Once a company has an active demand generation engine, their funnel process typically evolves to include these components:

  • Marketing owns and manages leads
  • At some point, marketing determines that a lead is marketing qualified and is ready to hand off to sales
  • The lead is then passed to sales, and sales confirms that it is qualified
  • If it is qualified, an opportunity is created and the sales process continued
  • If it is not ready to move forward in the sales process, it may be sent back to a nurture or recycle stage where marketing continues to manage the lead with the goal of eventually sending it through the process again

This approach introduces new complexity because leads or opportunities can enter the process at multiple points. Some leads start with marketing, while others may still be sourced directly by sales.

While not shown in the diagram, typical processes also include additional funnel leakage stages. For example, if a lead will never be a fit to sell to, it may be marked as disqualified instead of nurture or recycle.

Funnel Blueprint Pattern 3: Marketing + BDR + Sales

Funnel Pattern 3: Marketing + BDR + Sales

The third pattern is the most complicated but also the most common, especially amongst technology companies. Over the past ten years, many companies have added Business Development or Sales Development teams that qualify leads from marketing and also may conduct outbound prospecting. These teams can be called many different titles, such as BDRs, SDRs, LDRs, MDRs or just Inside Sales. For purposes of this explanation, I will refer to them simply as BDRs.

In a business utilizing a BDR team, the funnel process diagram evolves to add a third functional band. Marketing still manages leads and a stage exists where marketing determines that a lead is qualified and ready to hand off to the next step.

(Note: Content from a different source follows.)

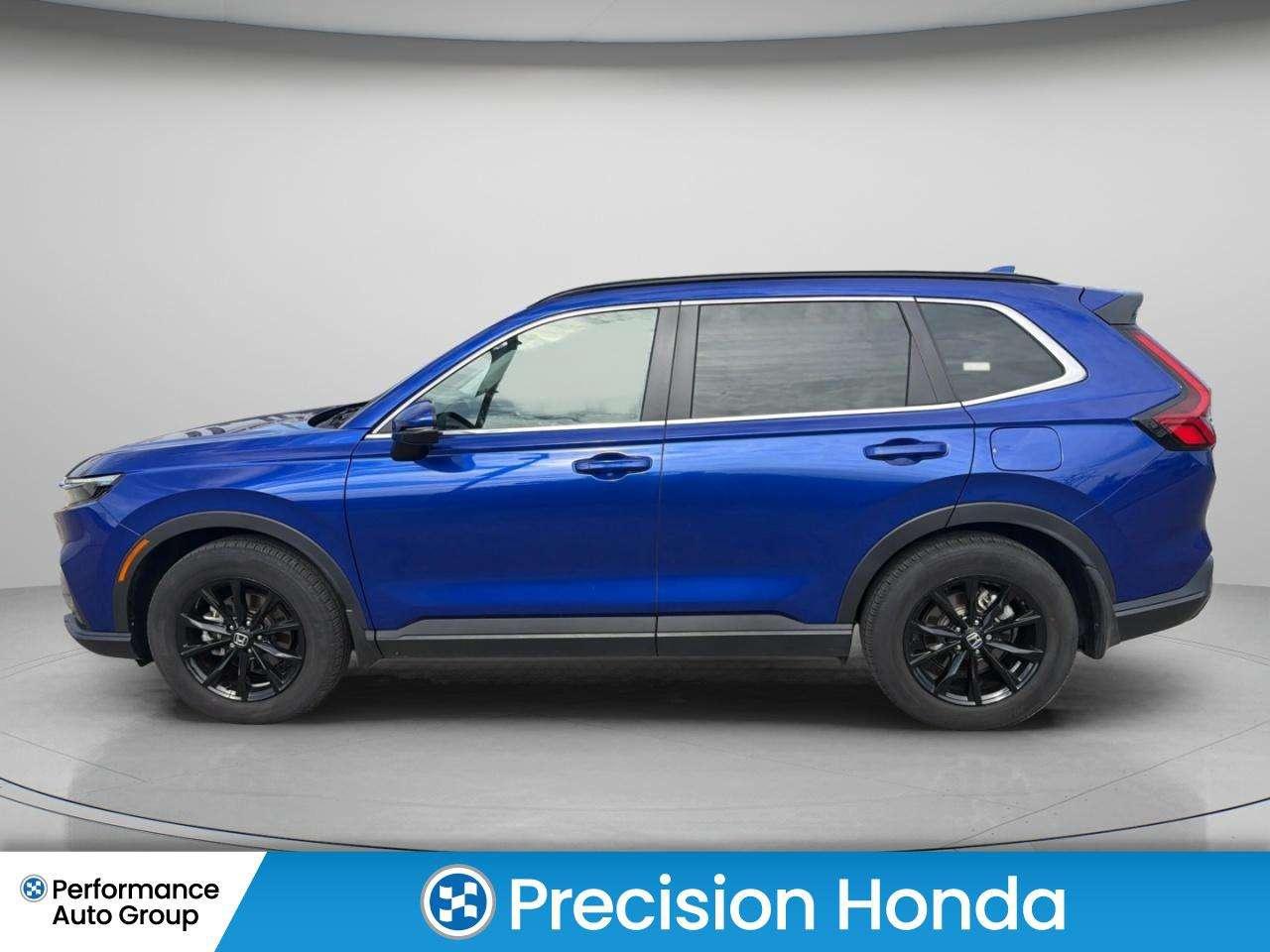 2025 Honda CR-V Sport Sunroof CarPlay Heated Seats Rear Camera Photo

The lead is then passed to the BDR team. The terminology tends to vary from one company to the next, but generally there is a stage that indicates a BDR is “working” the lead from marketing. The BDR schedules a meeting with the lead and then hands it off to sales. Or the BDR and an account executive from sales may complete the meeting together.

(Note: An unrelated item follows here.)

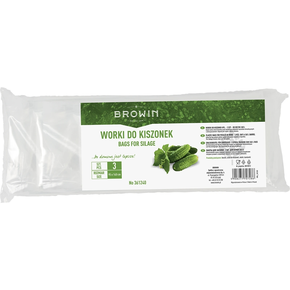 Worek do kiszonek - do beczki 240 l - 3 szt. | BROWIN, 361240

With this pattern, there are multiple different entry points. Some leads originate with marketing. Others are sourced by the BDR team, and sales frequently still sources some opportunities on their own as well.

Best Practices

The starting point for optimizing your funnel process is to first make sure that you have clearly defined it. It is surprising how many companies have not put their funnel blueprint in writing, or if they have, marketing and sales have not both signed off on it.

When defining your funnel blueprint, it is also important to consider ideal state vs. current reality. For example, many people approach the funnel like it is always a sequential process, where records move neatly from the very first stage to the very end of the process. This is never the case. Most funnels have a lot of non-sequential movement with different entry points, records skipping stages, and backwards movement.

Once you have defined your funnel blueprint, you can then start to work through the next stages of the Revenue Funnel Science Maturity Model.